▸ **WHAT TO DO**: Everything from the first line of the data through the line with "Samsung Galaxy A8" is to be echoed exactly, minus the pictures.

▸ **INPUT DATA**:
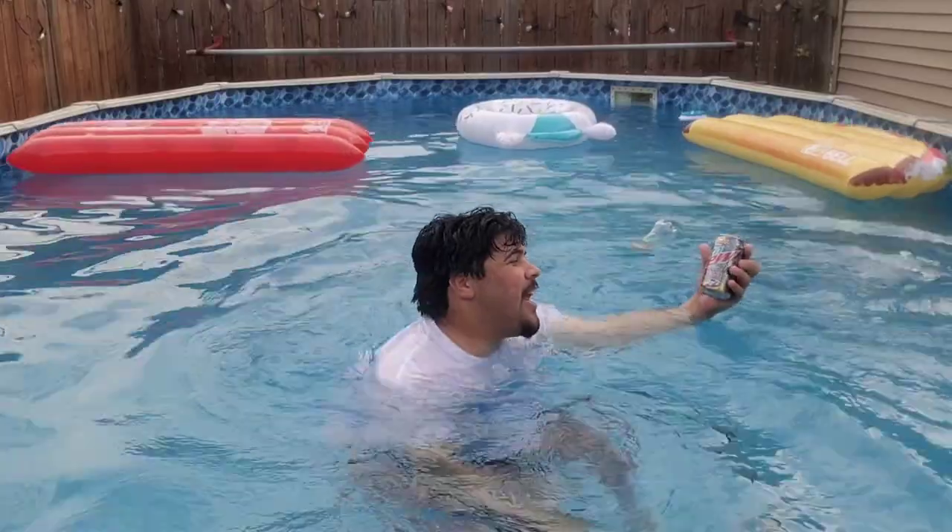Hey guys, Jake Collada here and today we are doing another pool review. I'm just literally doing this one after the Baja one, Baja Blast one, so it's not really a different day.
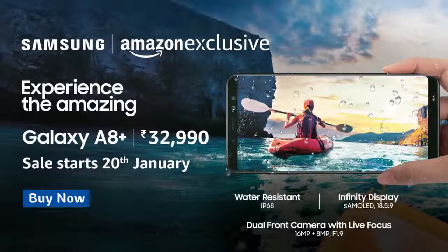Samsung Galaxy A8 Plus is available for sale on Amazon. The A8 Plus purchase link is given in the description below.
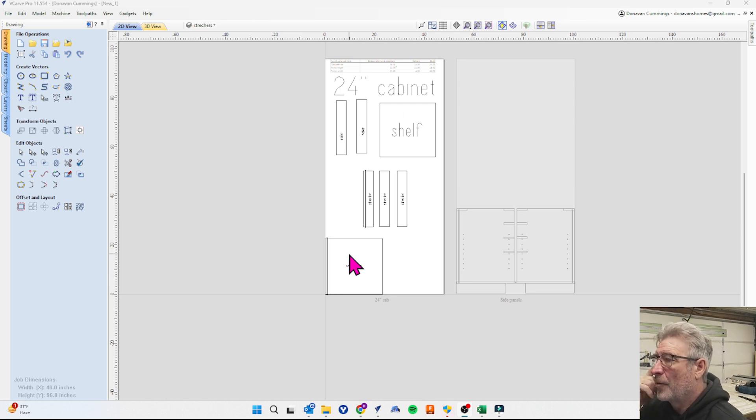Now I've got everything labeled: our cabinet bottom, three stretchers, two nailers, and our shelf. At this point I would go ahead and create a sheet for an 18-inch cabinet, a 20-inch cabinet, a 36-inch cabinet, and go ahead and create all of these as I'm building up the library.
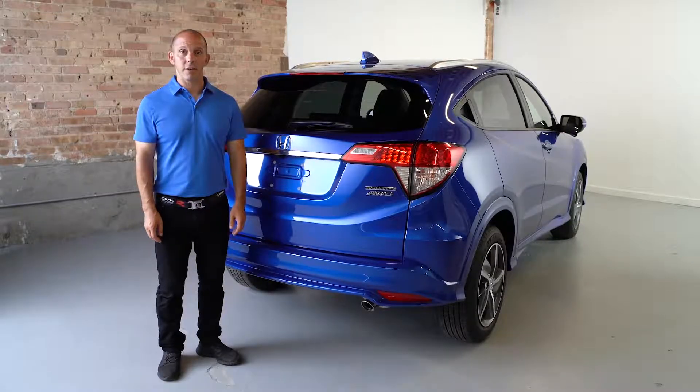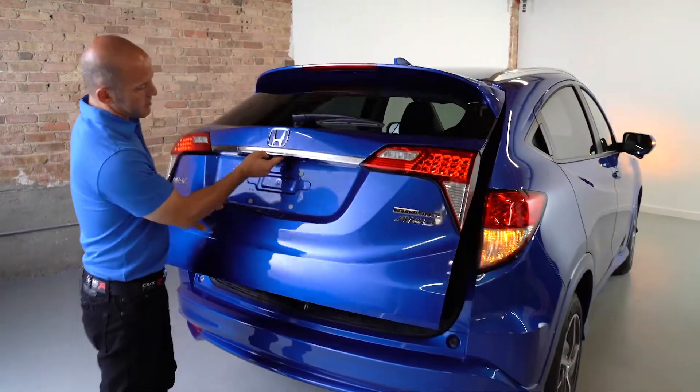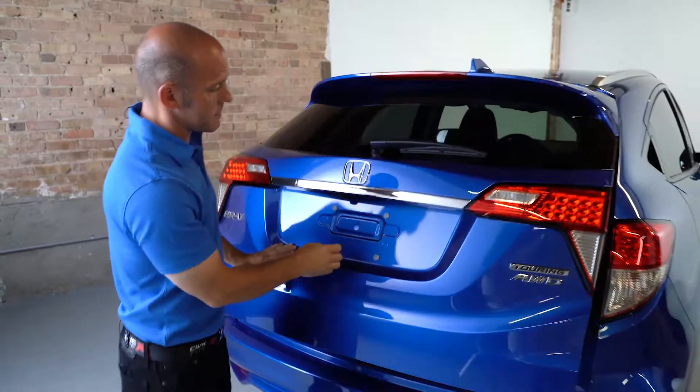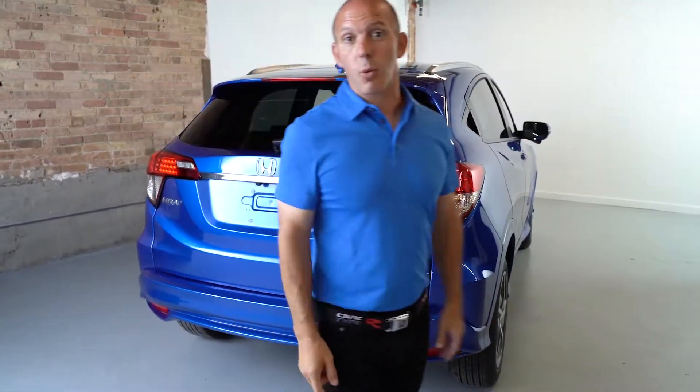Here's a tip and trick on how to lock the vehicle from the rear. In the back of the vehicle, there's a button to open up the tailgate. Right next to it is a small button that's going to be your lock button. With the tailgate shut, you press this button, the doors lock, and you simply walk away.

▸ **RESULT FOR THIS EXERCISE**:
Hey guys, Jake Collada here and today we are doing another pool review. I'm just literally doing this one after the Baja one, Baja Blast one, so it's not really a different day.
Samsung Galaxy A8 Plus is available for sale on Amazon. The A8 Plus purchase link is given in the description below.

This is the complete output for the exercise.